:: Task ::
Provide only the number of lines in the records below that include "wedding".

:: Exercise materials ::
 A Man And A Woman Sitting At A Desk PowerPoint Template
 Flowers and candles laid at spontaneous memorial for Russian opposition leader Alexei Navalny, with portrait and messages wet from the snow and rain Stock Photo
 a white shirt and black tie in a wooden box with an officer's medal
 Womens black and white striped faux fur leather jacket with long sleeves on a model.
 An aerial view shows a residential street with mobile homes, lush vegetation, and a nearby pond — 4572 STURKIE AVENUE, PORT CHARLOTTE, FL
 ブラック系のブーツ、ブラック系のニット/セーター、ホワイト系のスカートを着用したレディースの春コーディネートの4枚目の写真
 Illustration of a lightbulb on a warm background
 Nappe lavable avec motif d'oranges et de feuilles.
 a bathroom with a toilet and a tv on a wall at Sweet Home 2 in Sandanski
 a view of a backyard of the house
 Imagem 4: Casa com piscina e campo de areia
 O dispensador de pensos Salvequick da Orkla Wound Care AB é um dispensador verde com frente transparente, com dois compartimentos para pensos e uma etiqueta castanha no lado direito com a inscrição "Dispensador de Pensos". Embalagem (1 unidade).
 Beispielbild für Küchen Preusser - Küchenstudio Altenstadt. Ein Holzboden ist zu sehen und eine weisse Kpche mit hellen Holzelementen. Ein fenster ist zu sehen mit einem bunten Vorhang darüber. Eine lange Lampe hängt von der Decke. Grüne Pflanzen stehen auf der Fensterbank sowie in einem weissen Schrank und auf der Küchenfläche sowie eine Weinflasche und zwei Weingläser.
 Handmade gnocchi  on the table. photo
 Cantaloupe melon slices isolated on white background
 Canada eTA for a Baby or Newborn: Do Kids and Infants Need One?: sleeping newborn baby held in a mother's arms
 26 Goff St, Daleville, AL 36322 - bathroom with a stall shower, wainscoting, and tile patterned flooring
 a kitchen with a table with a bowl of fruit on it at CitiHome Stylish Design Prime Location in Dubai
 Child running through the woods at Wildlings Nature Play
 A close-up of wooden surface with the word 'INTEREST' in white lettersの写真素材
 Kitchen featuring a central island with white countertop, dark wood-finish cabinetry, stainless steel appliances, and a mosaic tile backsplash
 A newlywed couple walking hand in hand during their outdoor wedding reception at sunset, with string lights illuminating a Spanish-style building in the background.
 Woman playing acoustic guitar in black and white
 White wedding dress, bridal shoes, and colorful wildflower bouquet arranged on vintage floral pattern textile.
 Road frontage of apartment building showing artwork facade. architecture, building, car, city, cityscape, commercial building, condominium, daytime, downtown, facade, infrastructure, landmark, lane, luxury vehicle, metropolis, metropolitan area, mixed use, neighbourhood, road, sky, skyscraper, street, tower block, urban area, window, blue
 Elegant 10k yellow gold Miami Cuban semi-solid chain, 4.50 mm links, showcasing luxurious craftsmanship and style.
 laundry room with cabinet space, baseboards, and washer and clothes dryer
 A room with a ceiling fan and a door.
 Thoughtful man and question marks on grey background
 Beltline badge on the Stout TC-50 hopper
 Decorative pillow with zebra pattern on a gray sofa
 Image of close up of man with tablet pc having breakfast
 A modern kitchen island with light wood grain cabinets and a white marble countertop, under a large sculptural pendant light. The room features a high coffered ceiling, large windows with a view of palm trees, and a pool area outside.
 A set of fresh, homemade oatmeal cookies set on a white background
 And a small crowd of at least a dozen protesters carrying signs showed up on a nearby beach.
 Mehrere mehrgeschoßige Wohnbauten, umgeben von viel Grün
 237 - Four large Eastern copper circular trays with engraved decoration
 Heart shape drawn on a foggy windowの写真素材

:: Written solution ::
2